Die Natur als Zeitgenossin

Können wir die Natur als Zeitgenossin verstehen? Können wir ihr auf Augenhöhe begegnen? Ist sie Göttin, Mutter, Prostituierte oder Fernbeziehung?

Der Künstler, Kunstvermitttler und Kunstpädagoge Martin Turner entscheidet sich klar für die Natur als Lehrmeisterin. Unsere Zeit hat verlernt, zu ihr aufzublicken. Die Degradierung zum Freizeitobjekt ist eher eine Herabwürdigung - auch unserer selbst, denn wir sind immer noch ein Teil von ihr. Wir können nicht auf sie blicken ohne den Blick auf uns selbst.

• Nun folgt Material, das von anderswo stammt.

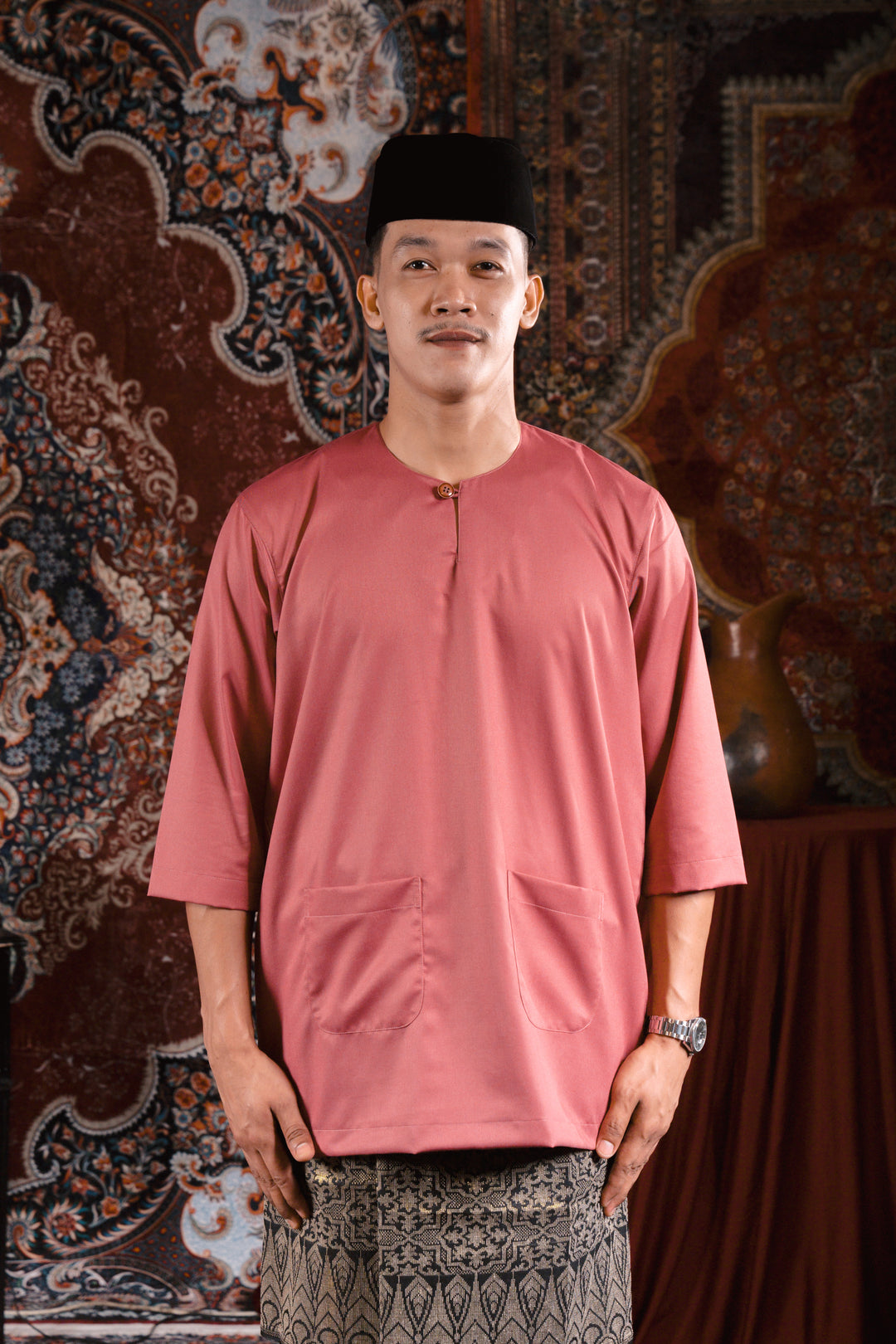 ARNA : Satria Baju Melayu in Dusty Roses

Bei genügender Intensität der Wahrnehmung stellt sich die merkwürdige Erfahrung ein, dass wir unsere Fähigkeiten an der Natur ausbilden und schulen: die Unerschöflichkeit des Formen- und Farbenreichtums, die produktive Fähigkeit, aus dem je Vorhandenen das beste zu machen, neue und ungewöhnliche Strategien des (Über-)Lebens - und ein ganzheitlicher Blick auf Vernetzungszusammenhänge, die unsere gegenwärtigen Erkenntnisfixierungen weit übersteigen.

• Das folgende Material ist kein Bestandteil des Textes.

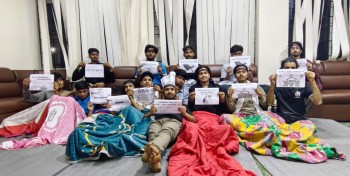 कालोपट्टी बाँधेर लमजुङ क्याम्पसका विद्यार्थीहरु रिले अनशनमा 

Eine Veranstaltung des Projektraums wundersam im kultur.lokal.fürth


Die Natur als Zeitgenossin – Martin Turner im Projektraum wundersam

 

Nach der Eröffnung am Samstag folgte am Sonntag, 30. Juli 2023, der erste Programmpunkt einer langen Reihe von Veranstaltungen im Projektraum wundersam im kultur.lokal.fürth. Der Nürnberger Künstler, Musiker und Kunstvermittler Martin Turner (www.martinturner.de) gab einen Einblick in sein zutiefst humanistisch geprägtes künstlerisches Denken und Schaffen und präsentierte aktuelle Arbeiten, u.a. Illustrationen in philosophischen und geisteswissenschaftlichen Publikationen sowie die Tuschezeichnung "Freiheitsblatt“, die als Reproduktion käuflich zu erwerben ist – zu einem bewusst frei gewählten, unschlagbar günstigen Preis.

 

In seinem lebendigen und anschaulichen Vortrag „Die Natur als Zeitgenossin“ präsentierte Martin Turner ausgewählte Texte aus mehreren Jahrhunderten zum Verhältnis von Mensch und Natur – von Petrarca und Augustinus über Giovanni Pico della Mirandola, Novalis und Goethe bis hin zu Rudolf Steiner und - für die neuere Zeit – Georg Picht und Gernot Böhme.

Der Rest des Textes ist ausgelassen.